Decided to post some pics of a couple of my rifles and reap some opinions. Now, I'm Bulldog born, and Bulldog bred, and when I die I'll be? Bulldog dead, that's right. Son of His Majesty's former 13th Colony in America, Georgia.

Born in Savannah, I followed my grandaddy's example, and, unlike any of his brothers and sisters, or his kids and other grandkids, moved about some. Did a few years in the former Creek/Cherokee border country of Coweta, and now live a few miles from the meandering Tallapoosa River in Alabama.

Anyway, enough pontification from me, behold these guns. The first I am wondering if the rest would agree is a Lehigh valley style, Golden-ageish gun. .50 cal, shallow round grooves, minor adornment. Sheet brass box, vent pick holder, L&R lock, swamped barrel that balances like nobody's business, gorgeously inflamed stock.
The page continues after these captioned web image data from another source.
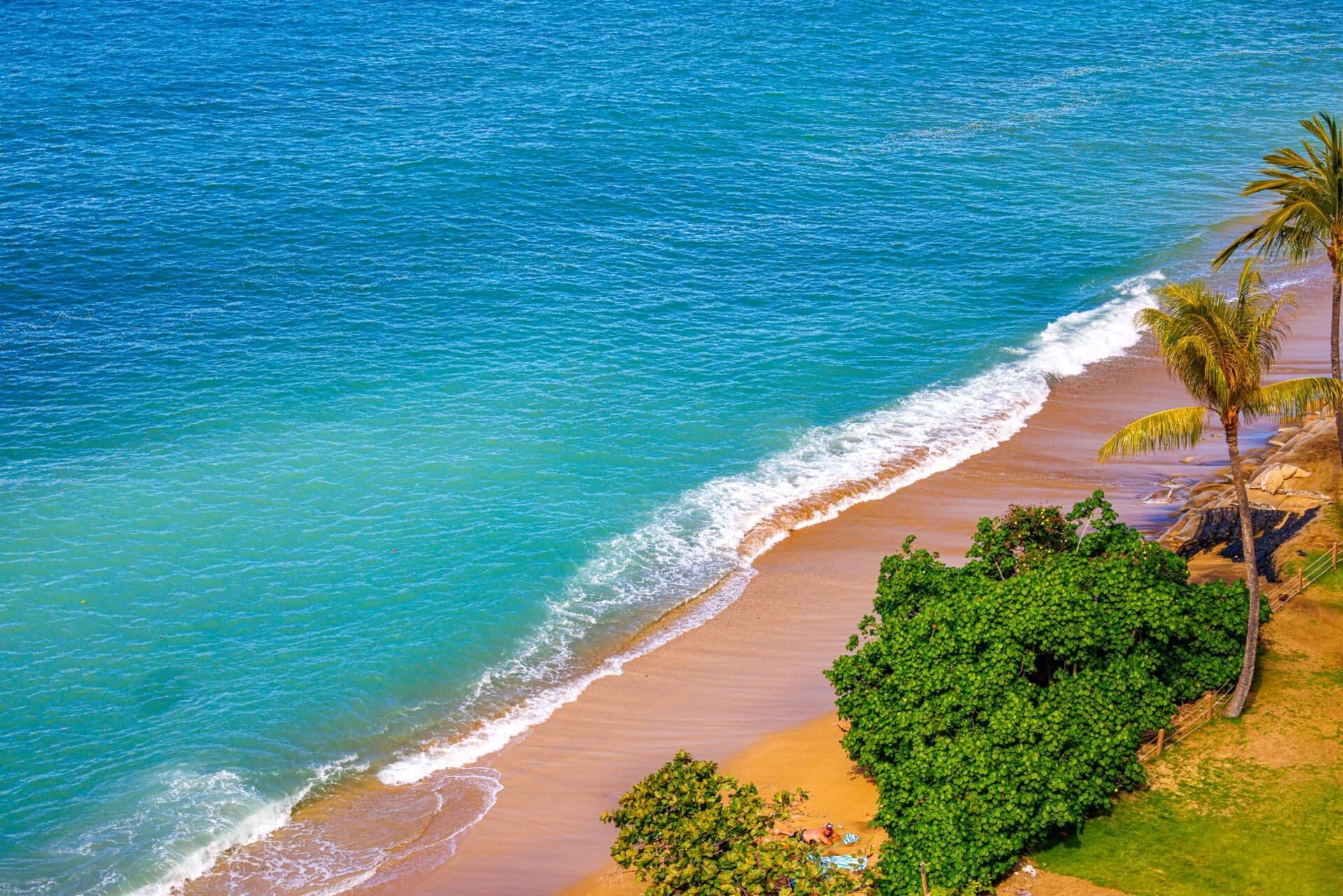 Condo (3 Bedrooms) | View from room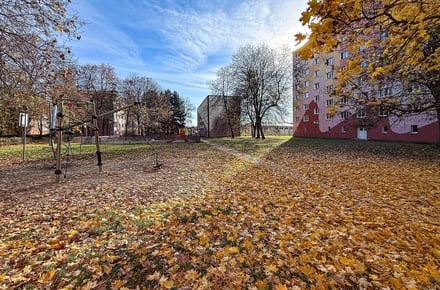 Prodej bytu 3+1 70 m², Chomutov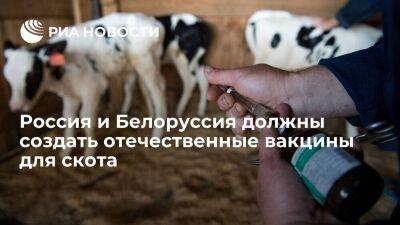 Россия и Белоруссия должны создать отечественные вакцины для скота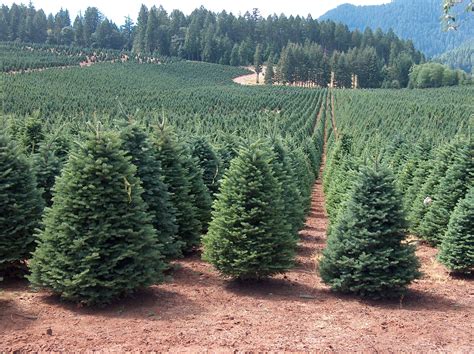 Christmas Tree Farms Near Me - Idalias Salon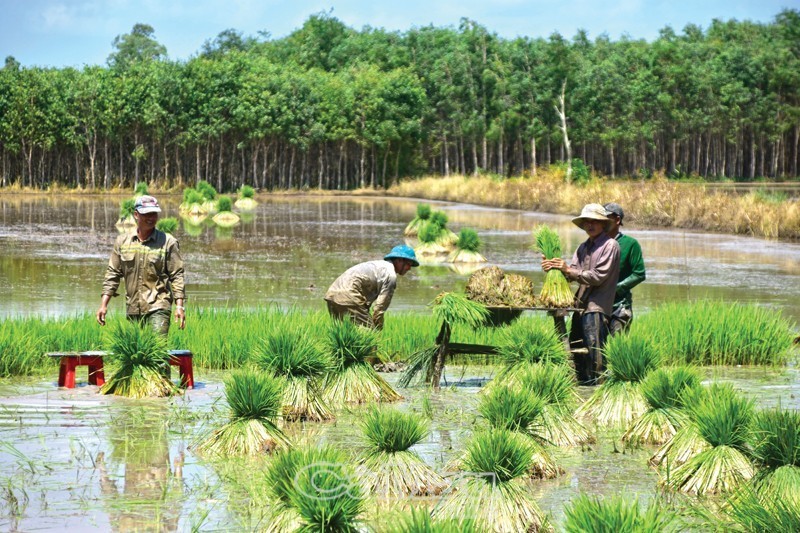 Khung cảnh mùa nước nổi ở Cà Mau (Ảnh: Báo Cà Mau)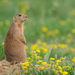 Black-tailed Prairie Dog - Photo (c) James Beissel, some rights reserved (CC BY-NC), uploaded by James Beissel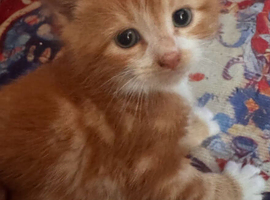 Ginger Shorthair for sale &pound;100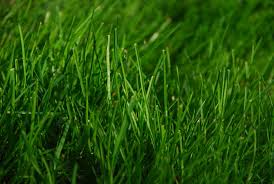 Will Pesticides Or Insecticides Kill Grass Seeds Guide Home Lift Up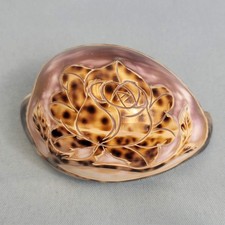 Vintage Carved Cowrie Shell Rose Floral Design Polished Seashell Decor picture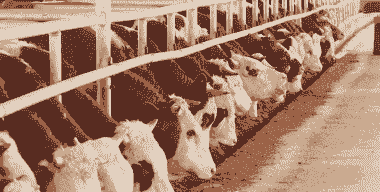 湖北适合养什么肉牛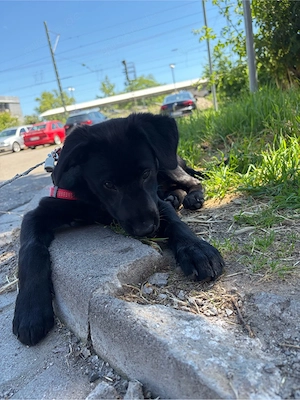 Labrador-Herder-Mix Hündin (4 Monate) sucht liebevolles Zuhause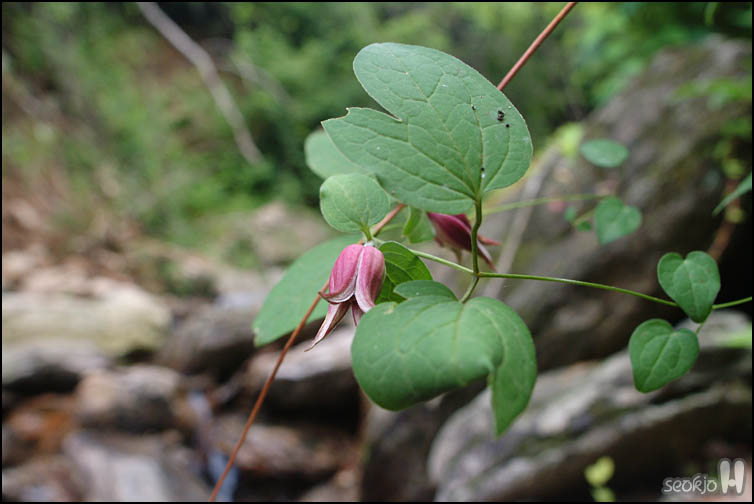 DSCF7550.jpg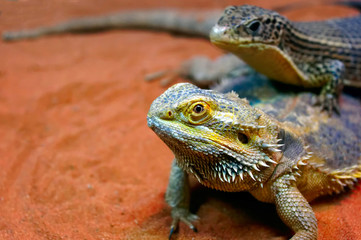 A pair of lizards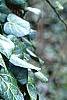 Hedera helix, habit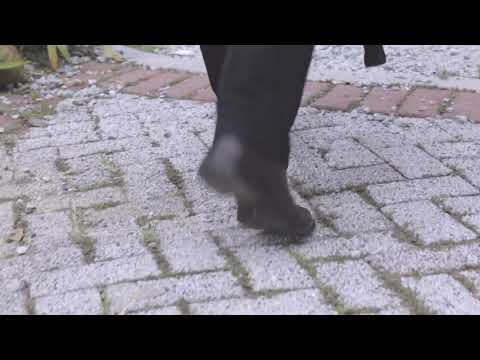 #PastorThianuk#Pathian Hla Thar|| ZUMNAK IN PANAW NA DAMDING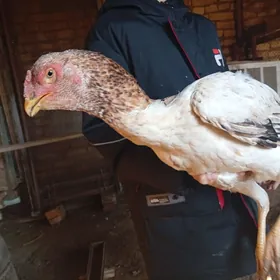 Бойцовский курица 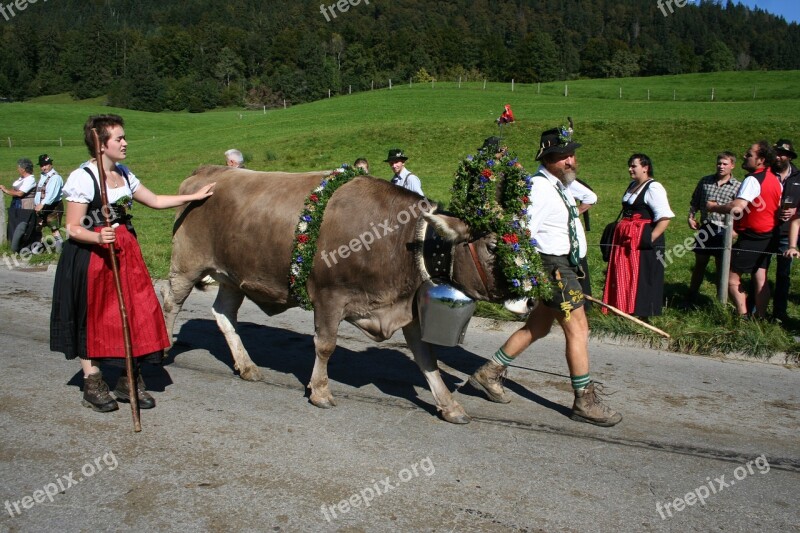 Cow Wreath Beef Allgäu Bavaria Almabtrieb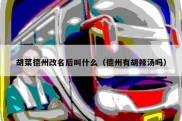 胡菜德州改名后叫什么（德州有胡辣汤吗）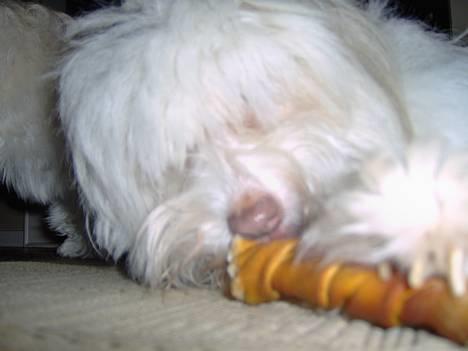 Coton de tulear Frida  billede 8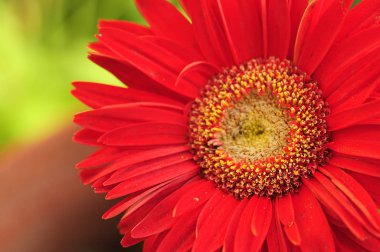 Alan sığ derinliği ile kırmızı bir Gerber çiçek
Belonged to a fella from Ohio whose son brought it to the Georgia mountains with the other 40ish muzzleloaders his dad left when he passed.

Second, what I decided about a year ago was a generally Dickert/Lancaster Golden Age gun, found in a Newnan, GA pawnshop along with my early Leman flint .54. It's a .45 straight barrel browned from here to Sunday, with L&R lock, hobbyist engraving and carving, but that nevertheless shoots a 1 inch group at 50 yards.

Love to have anyone's thoughts, opinions, or alibis. Cheers gents, from a Savannah boy lost in the wilds of Alabama! (Yes, quality bourbon is to blame.for my cheerfulness tonigh!)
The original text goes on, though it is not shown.